My Dad served in the US Navy during WW2. He liked to say, "I served with Nimitz... (pause) ...along with a couple million other guys." He was an Electrician's Mate, tasked with servicing the radars and radar altimiters of the new night fighters such as the F6FN Hellcat and F7F Tigercat. Most of his time in service was spent in Florida. He never saw combat. (His older brothers and in-laws saw their share, though. One was a paratrooper at Normandy and The Bulge, another lost a finger to a Howitzer breech mechanism somewhere in France, another had several ships torpedoed out from under him in the Merchant Marine.) Dad had some good stories, though. Here's one:
Dad was training new F6F pilots (excuse me - Naval Aviators) how to use their radar altimiters.
He explained how the unit shot a radio pulse (traveling at the speed of light) down to the water's surface, and measured the time until the reflected pulse was received.

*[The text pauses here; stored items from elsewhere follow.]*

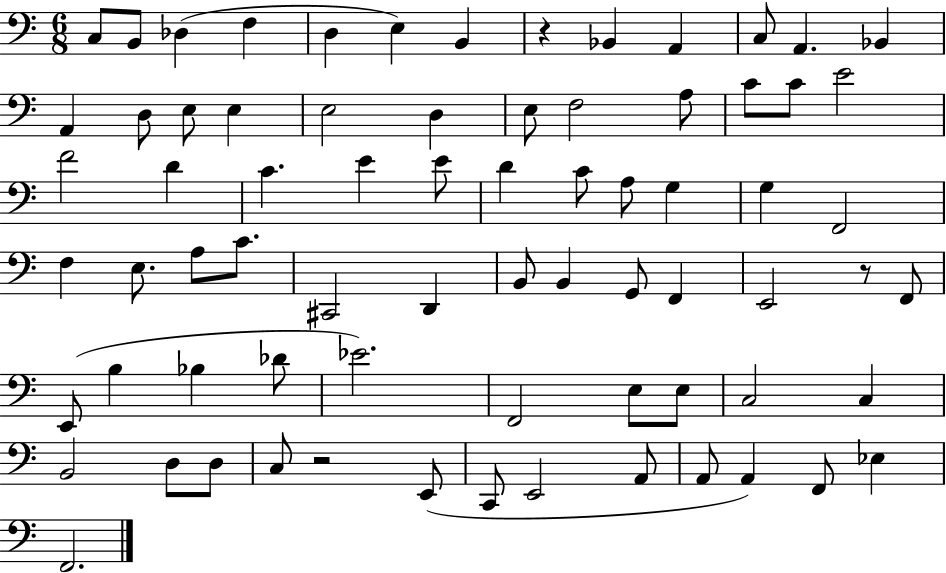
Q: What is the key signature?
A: C major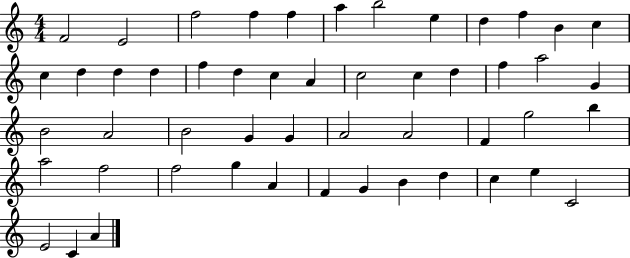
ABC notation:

X:1
T:Untitled
M:4/4
L:1/4
K:C
F2 E2 f2 f f a b2 e d f B c c d d d f d c A c2 c d f a2 G B2 A2 B2 G G A2 A2 F g2 b a2 f2 f2 g A F G B d c e C2 E2 C A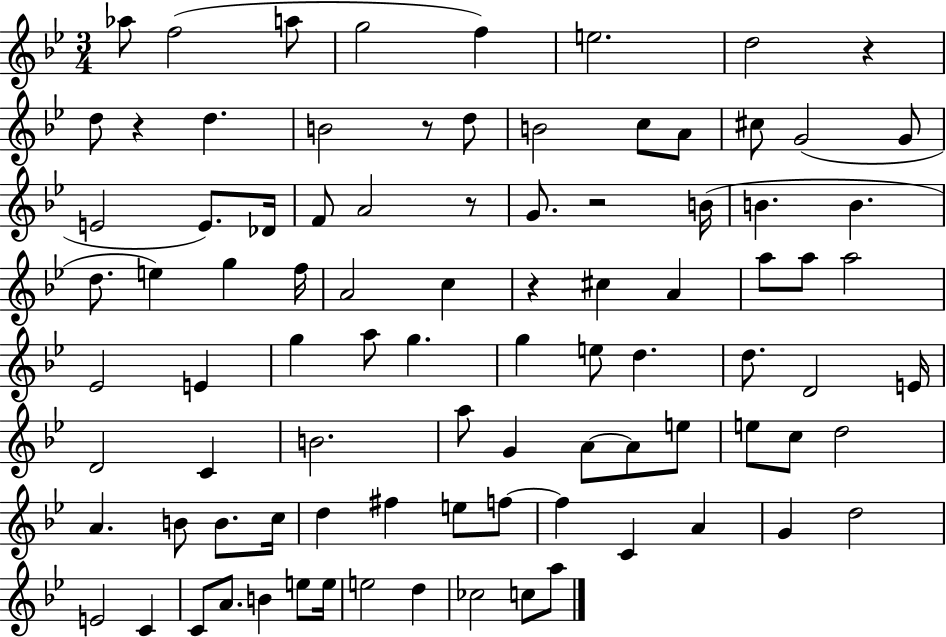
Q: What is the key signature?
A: BES major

The altimeter automatically converted the travel time of the radio pulse into altitude above the water. (The unit had a toggle switch that would set its sensitivity to +/-50 ft or +/-500 ft. Quite a few pilots died in training until it was realized that they'd left the switch at "+/-500" while flying below 100 feet. They figured it out after fishing a few of the birds out of the drink and noticing the switch position.)
During one training session, one hotshot Naval Aviator was lounging back and clearly not paying much attention. Dad said, "Hey - you don't think this is important?" The flyboy replied, "Man, I'm cruising at three hundred miles per hour. By the time your little ray-di-oh blip bounces off the water, I'm looong gone!"